A classroom from At Berkeley (Zipporah Films)

A classroom from At Berkeley (Zipporah Films)

Edited & Directed by Frederick Wiseman
Released by Zipporah Films
USA. 244 min. Not Rated

At Berkeley is director Frederick Wiseman’s 38th film since 1967, in what he calls “my series about contemporary institutions.” His first on a college campus (the University of California at Berkeley) unfolds just over four hours. It’s a teaching lesson in the thoughtful strengths and the frustrating weaknesses of his fly-on-the-wall, observational-over-time technique of documentary filmmaking that he pioneered and has consistently pursued.

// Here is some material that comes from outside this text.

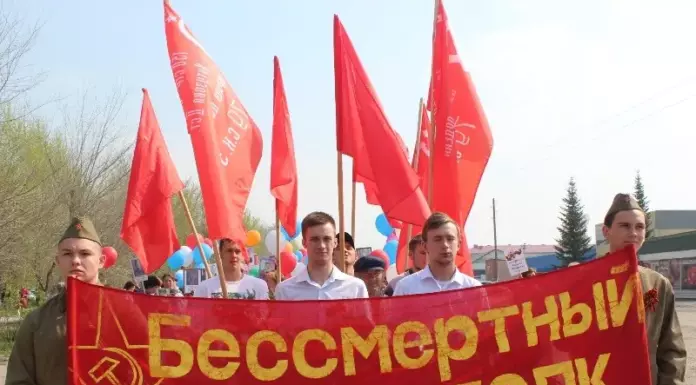 В Алтайском крае очные шествия Бессмертного полка пройдут в 5 городах: Барнауле, Рубцовске, Заринске, Новоалтайске и Бийске.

Filming 12 weeks on campus (not all in one semester), he shot 250 hours while wandering around the 36,000 students, 5,000 faculty and academic administrators, and more than 7,000 employees on the thousand-plus acre campus. At the New York Film Festival press conference, Wiseman said he picked this “great public university” because “public education is threatened.” The ominous outside pressures of reduced state funding (slashed in half over the past decade to 16 percent of the $2 billion-plus operating budget) besieges the campus like the shark in Jaws, and provides a storyline through to the last half hour that climaxes with a student demonstration against the cuts (amongst other vague demands) that resonates to Berkeley’s history as the birthplace of the influential 1960’s Free Speech Movement.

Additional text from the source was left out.